I continued playing the club league each year, so like 10 games each year and for some reason or another (I guess mainly because I studied the opening a bit) I peaked at 2225.
Unfortunately for my free time, I decided to play a tournament and lost 50 elo points. As I am a very proud person, I could not leave things as they were and decided I would study seriously some chess to come back and do my best. The next year, I returned and dropped another 50 elo points (I had gained a lot on the club league in between, though).
So then I came with the definite list of books I would study to not only show that I can play good chess, but that I would actually achieve my child's dream to become an IM (I only really care about reaching 2400, even if I do not get the title). The point was that I was lacking 200 elo points so studying 20 books (now the list contains 33 books without counting openings) would rise my level by that much if only each of those books would give me only 10 elo points. At that time it seemed a good idea.
So without further ado I present you the list (which I have been tweaking since then, four years ago). with some comments on the books:
- Weteshnik - Chess tactics from scratch 2nd edition. Already reviewed.
- Flear - Tactimania. Already reviewed.
- Gormally - Mating against the castled king. Already reviewed.

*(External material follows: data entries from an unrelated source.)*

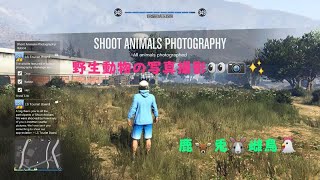 【GTA5】野生動物の写真:鹿🦌兎🐰雌鳥🐔/Wildlife Rhotography:Deer,Rabbit,Hen(Shoot Animals Photography)/激写！動物撮影1日目 screenshot 2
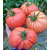  Leroxy F1 (172-570) - семена томатов, 1 000 семян, Yuksel/Юксел (Турция), фото 2 
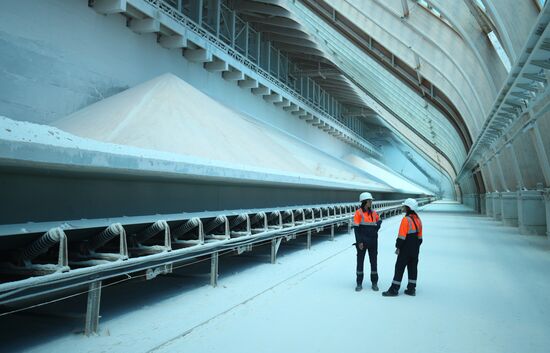 Russia Chemical Industry Mineral Fertilizers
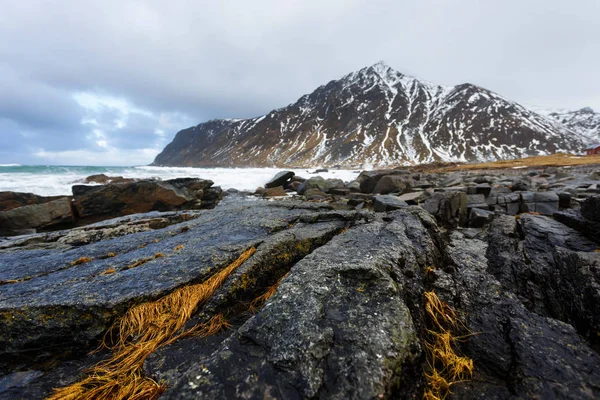 Vareid, Lofoten öarna — Stockfoto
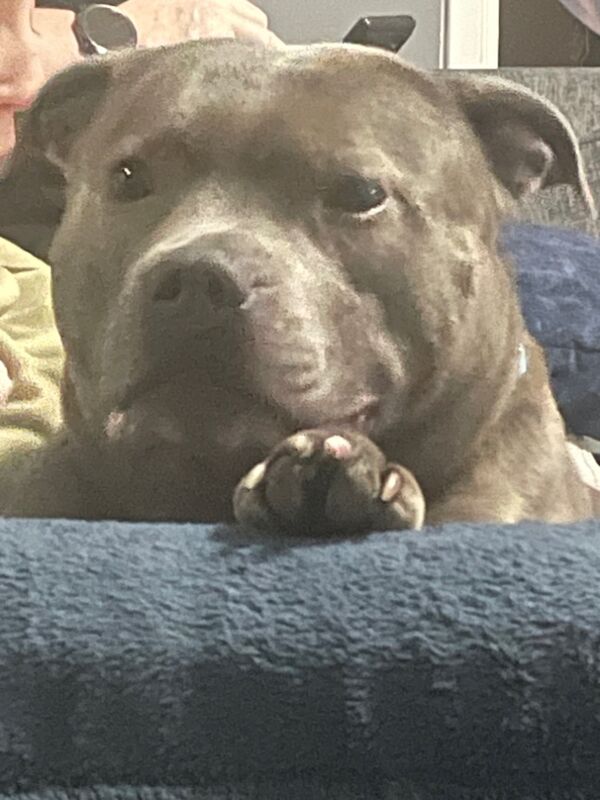 Neo male staffy for sale in Sheffield, South Yorkshire - Image 1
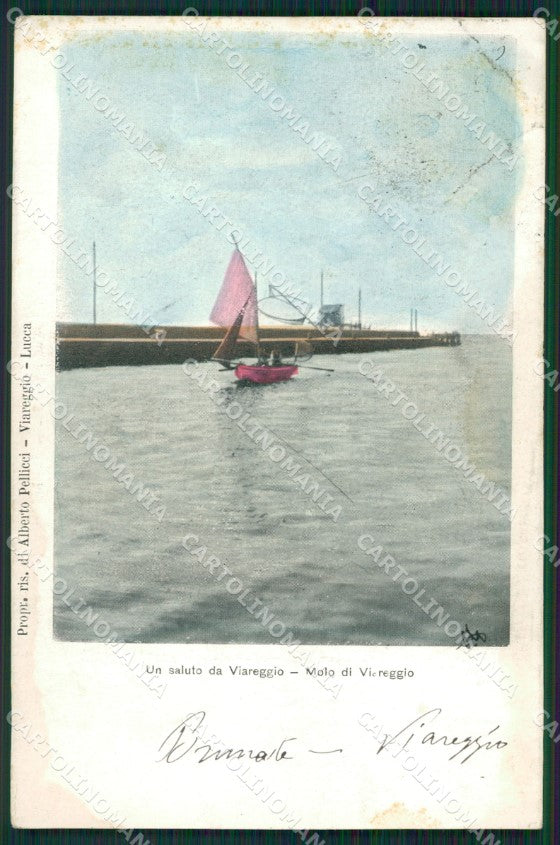 Lucca Viareggio MACCHIE cartolina ZKM9443 – fronte
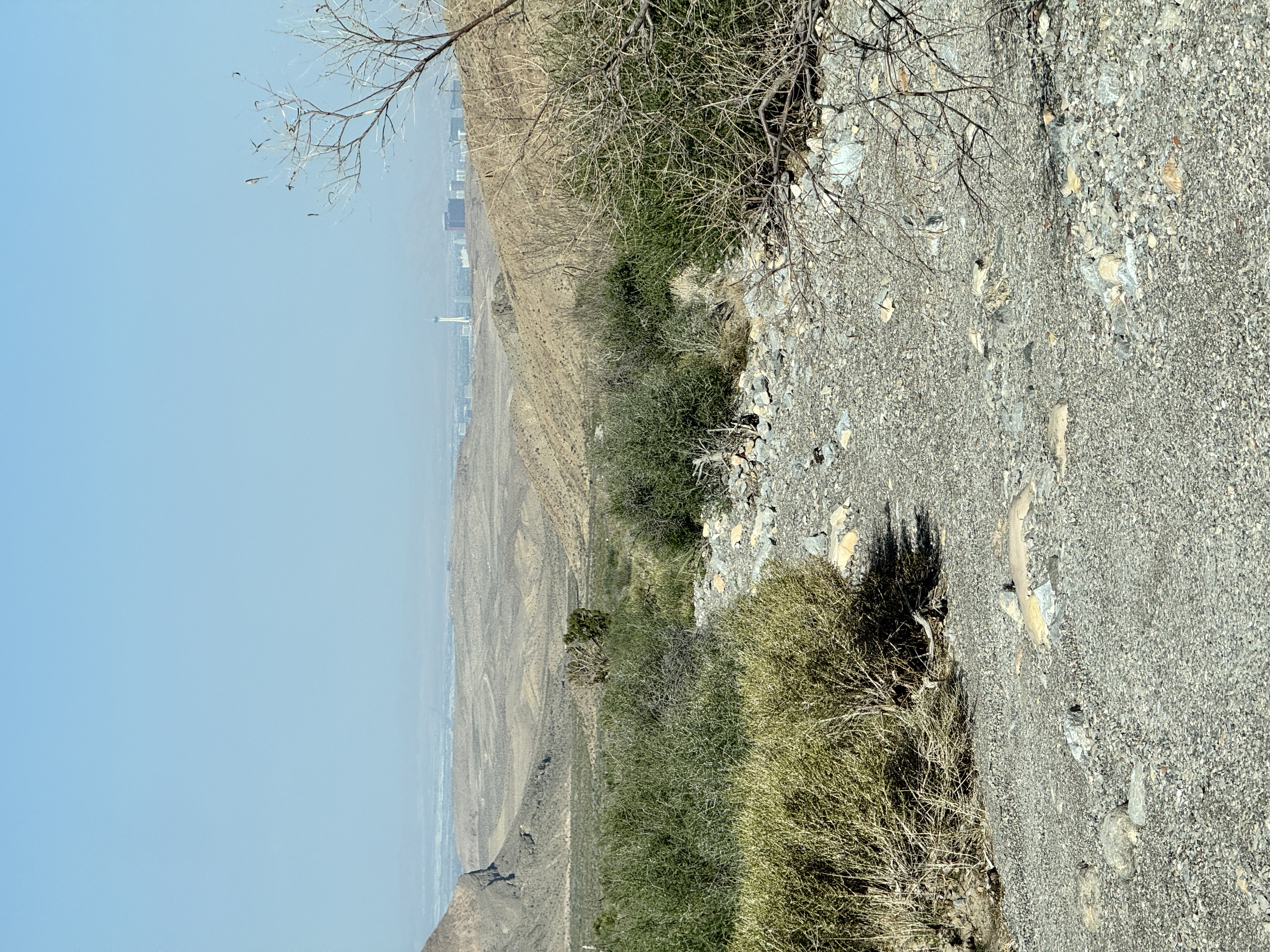 IMG_5881.jpeg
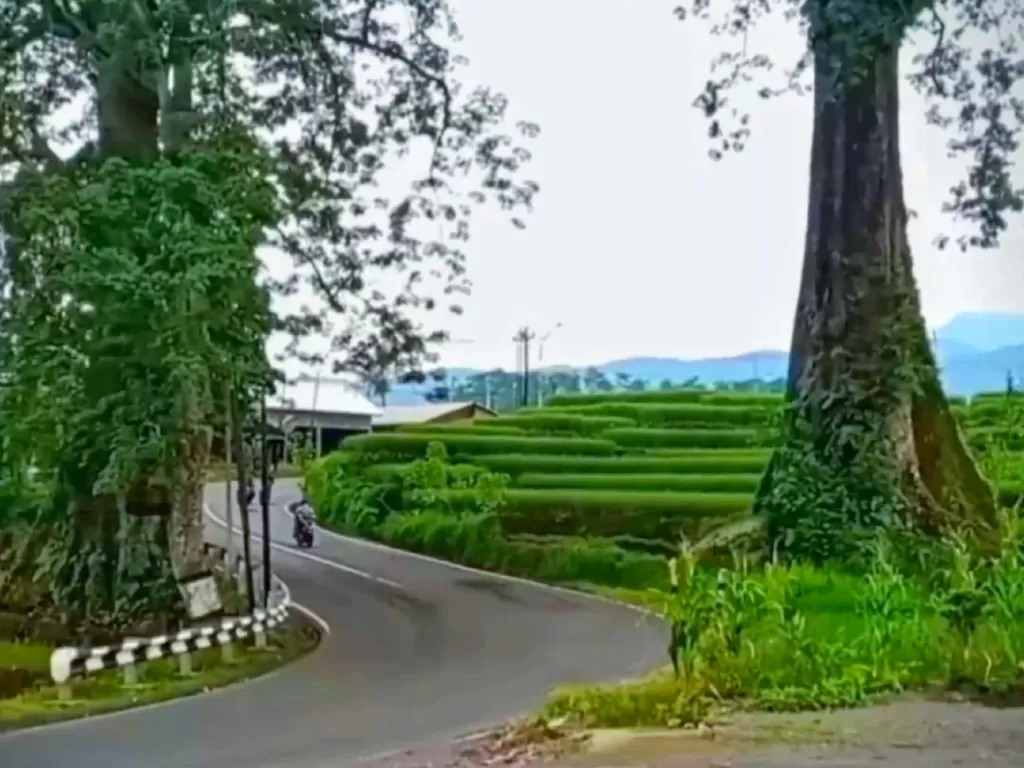 Pohon Randu Jajar di Pemalang (Z Creator/Titi Romiyati)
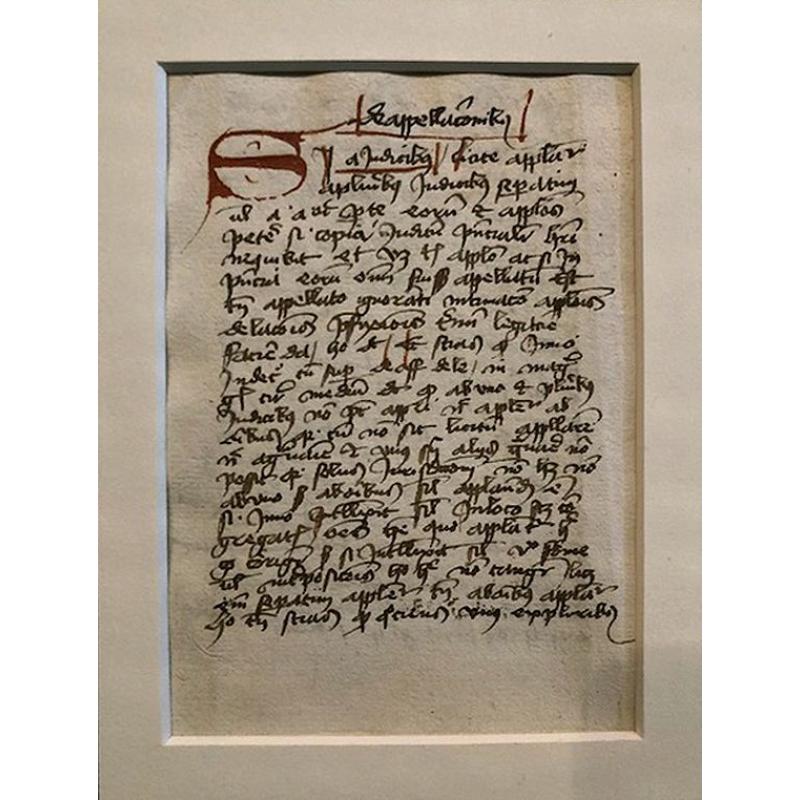 Legal Writing by an English Scribe.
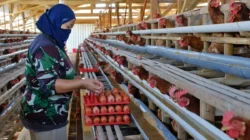 Bapanas: Harga Ayam dan Telur Mulai Naik Seiring MBG Kembali Berjalan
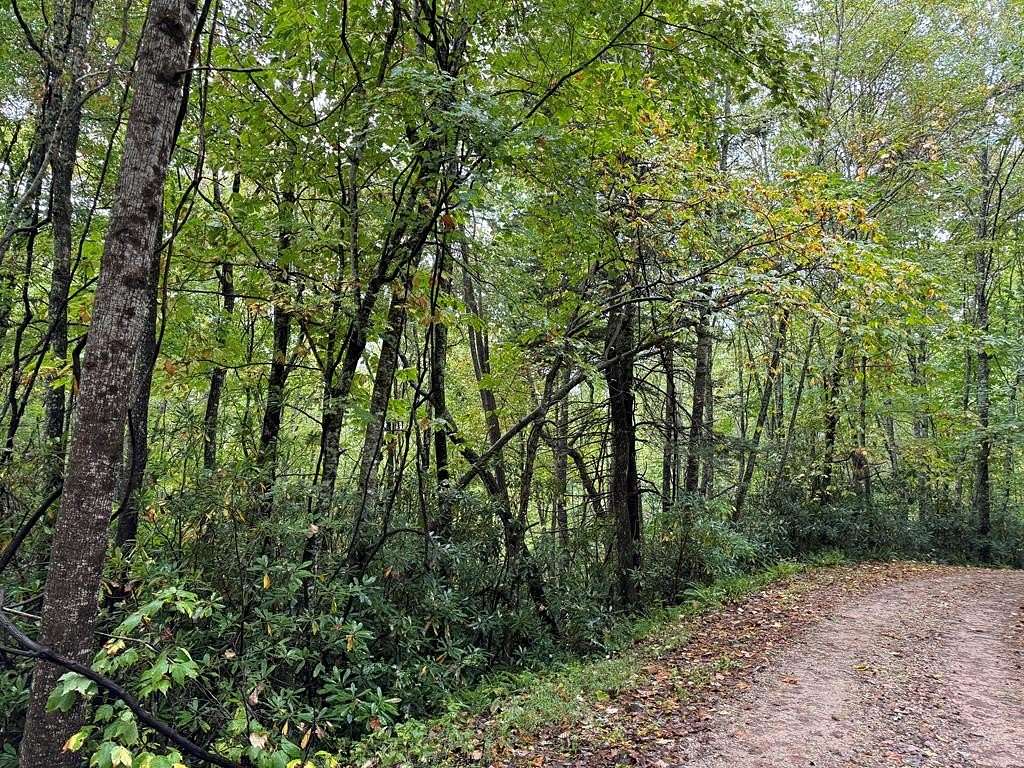 2.56 Acres of Land for Sale in Nantahala Township, North Carolina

- Aagaard - Attacking manual 1. Already reviewed. I must confess that I have grown to like this book a lot. I find myself recommending it over other attacking books (like Gormally that I liked better according to the review).
- Aagaard - Attacking manual 2. I am readying this right now (I am at page 60 or something like this) and I'm finding it quite interesting. It is more similar to Gormally's book (or a normal book on attacking chess) as opposed to the previous attacking manual. I think it is really worth it.
- Shaw - Quality Chess Puzzle Book. Already reviewed.
- Aagaard - GM Preparation Calculation. I have not reviewed this book but I have read half of it. I like it a lot. I find it quite challenging (more than Shaw's puzzle book) and this has stopped me from finishing it. I studied it with a 2350 guy and we took 10 minutes for each exercise and the last of the chapter are simply too difficult for me and really difficult for him.
- Aagaard - GM Preparation Attack and defense. Already reviewed.
- Nunn - Chess puzzle book. Already reviewed.
- Grabinsky & Volokitin - Perfect your chess. This book is a really difficult puzzle book. It has a lot of exercises aimed at IM level. I have only seen the first exercises at the beginning and did not find them very hard, but many people have told me this books is really difficult so I'm saving it for the last push to 2400.
- Dvoretsky - Recognizing your opponent resources. This one is another puzzle book. It has a lot of exercises (like 400 maybe) and there are some extra ones in the solutions. I went through the first 130 of the first chapter (which has 180 I think). I just stopped because I was having a success rate lower than 40% and it made no sense, things would get much harder later and failing every time does not improve your chess. I keep this for just before Volokitin's one and after finishing the GM Preparation series.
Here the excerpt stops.